Митя бежал по узкому шаткому проходу поезда, с трудом преодолевая вагон за вагоном. Каждый из них казался более длинным, чем есть на самом деле. Справа удирали в другую сторону двери купе, полуоткрытые, как голодные рты гигантских птиц – из них неслись разные голоса, иногда обрывки музыки, запахи поздних ужинов, отголоски смеха и даже храп. Слева чуть дребезжали на полном ходу состава потные ночные окна, зияющие темнотой какого-то нереального, почти потустороннего мира, лишь изредка вспыхивающего огнями одиноких, казавшихся никому не нужными полустанков. Они выглядели брошенными на произвол судьбы, неравномерно обледенелыми и припорошенными грязно-белым мартовским снегом. Митя бежал, чуть пошатываясь, неравномерно и рвано, боясь больно врезаться в двери или окна. Иногда кто-нибудь шел со стаканом кипятка в руках, это была настоящая опасность, и приходилось чутко смотреть, замедлять ход и неудобно, неловко выгибаться одним боком, вжимаясь в сторону. Сердце Мити билось гулко и редко, как старинные часы с боем в гостях, где они недавно были с мамой…
А начиналось все мило и безоблачно, с той долей увлекательности и романтики, что неизменно сопутствует любому путешествию, особенно по железной дороге. Восьмилетний Митя ехал с мамой из Москвы в Санкт-Петербург навестить бабушку с дедушкой. Их провожал папа. Они прибыли на вокзал, как обычно, заранее, быстро минуя суетливое, какое-то безразмерное и заполненное снующими людьми помещение. Потом бодро прошлись по полутемному, запруженному прибывшими и отъезжающими гражданами перрону до своего 7-го вагона. Мите доверили везти на колесиках небольшой и нетяжелый матерчатый чемодан с удобной выдвижной ручкой. Он весело тарахтел с глухим горохотом по перрону. При этом мальчик немного им маневрировал, издавая рыхлый жужжащий звук, как будто он – гонщик, а чемодан – старомодный, но еще вполне сносный и конкурентоспособный болид. Потом пришлось скучно постоять в ожидании, пока откроют двери вагона и начнут пускать внутрь. Митя весь извелся, искрутился, не зная, чем заняться и как заполнить ненужную паузу. Болид, поставленный вертикально, казалось, тоже грустил.
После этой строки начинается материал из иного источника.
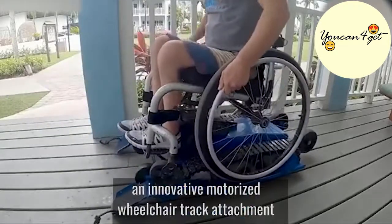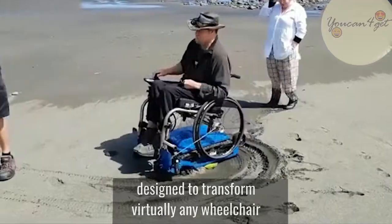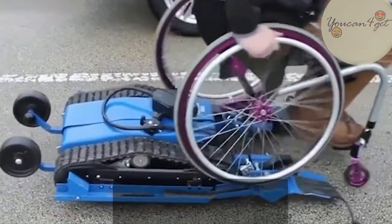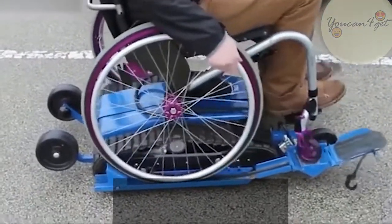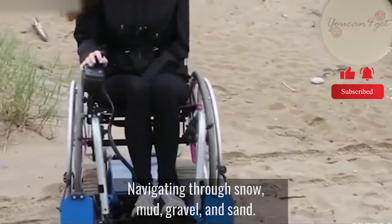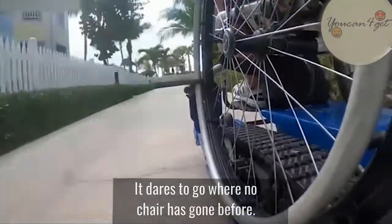This is the Freedom Tracks, an innovative motorized wheelchair track attachment designed to transform virtually any wheelchair into an off-road vehicle. This liberating device can tear through all terrains and weather conditions, navigating through snow, mud, gravel, and sand. It dares to go where no chair has gone before.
Митя останавливался только ночью, а днем ему нравилось мчаться, носиться с гиканьем по двору или парку, лазать по веревочным детским городкам, гонять на самокате, пинать мяч или на крайний случай катать машинки по сложным трассам. А тут целых четверть часа – просто ждать. Потеря времени, да и только. Родители вполголоса разговаривали друг с другом, а Митя от нечего делать стал пересчитывать убегающие с противоположной платформы окна другого поезда, который уже тронулся и, убыстряясь, заторопился прочь. Когда мелькнул самый хвост состава, он выдохнул: «тридцать шесть» – и с удивлением заметил, что за ними вьется гусеницей уже довольно протяженная очередь на посадку.
Тут вышел плотный высокий человек в проводницкой униформе и стал проверять билеты, быстро вбивая номер паспорта в специальный аппарат, похожий на небольшую кассовую машинку. Кажется, он называется валидатор, вспомнил Митя.
– Вас двое, так, так, – взял он, наконец, их документы.
– Пожалуйста, ваши места 23 и 21, проходите, а вы, наверное, провожающий? – глянул он на папу.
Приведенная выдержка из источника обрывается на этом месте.